The D.C. attorney general’s office, which usually does not comment on pending cases, offered no comment on the lawsuit.
One of the lawsuit’s plaintiffs, Shay Horse, is a New York resident and photojournalist who covers protests across the country and around the world.
Mr. Horse said that as he photographed protesters near Franklin Square, an officer pepper-sprayed him from behind, even though his camera identified him as a journalist and he was not protesting.
The police then “kettled,” or corralled, more than 200 people, including Mr. Horse, onto 12th and L streets NW. After sunset, the police began to make arrests and handcuffed Mr. Horse with zipties so tight, his fingers became numb, he said.
At a nearby facility, police ordered that male detainees remove their pants to undergo manual rectal probing.
“I felt like they were using molestation and rape as punishment. They used those tactics to inflict pain and misery on people who were supposed to be innocent until proven guilty,” said Mr. Horse, adding that he was released 33 hours later.

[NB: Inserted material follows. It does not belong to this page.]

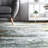 Myrtille Abstract Indoor Rug-24762243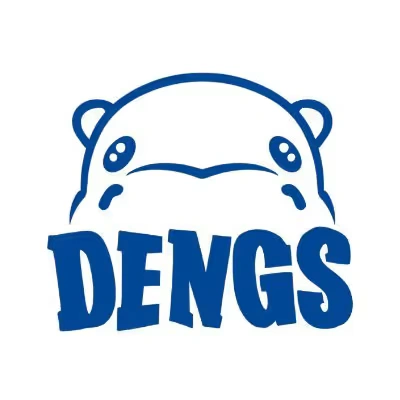 Dengs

He said the fingers on his left hand are still numb, and he now suffers from stress and anxiety.
Another plaintiff, Judah Ariel, said he had on a neon-green hat labeled “National Lawyers Guild” to identify himself as a legal observer. While he monitored protesters, officers began “dousing” the crowd with pepper spray without warning, he said.
“I felt like I was suffocating,” Mr. Ariel said. “This is the city where I’ve chosen to make my home and raise a family, and all of a sudden, it felt like my police department [and] my government had turned on me without warning and without justification.”
The ACLU commended D.C. police for their history of handling peaceful demonstrations but lamented the department’s “massive, excessive, unjustified and unconstitutional” response.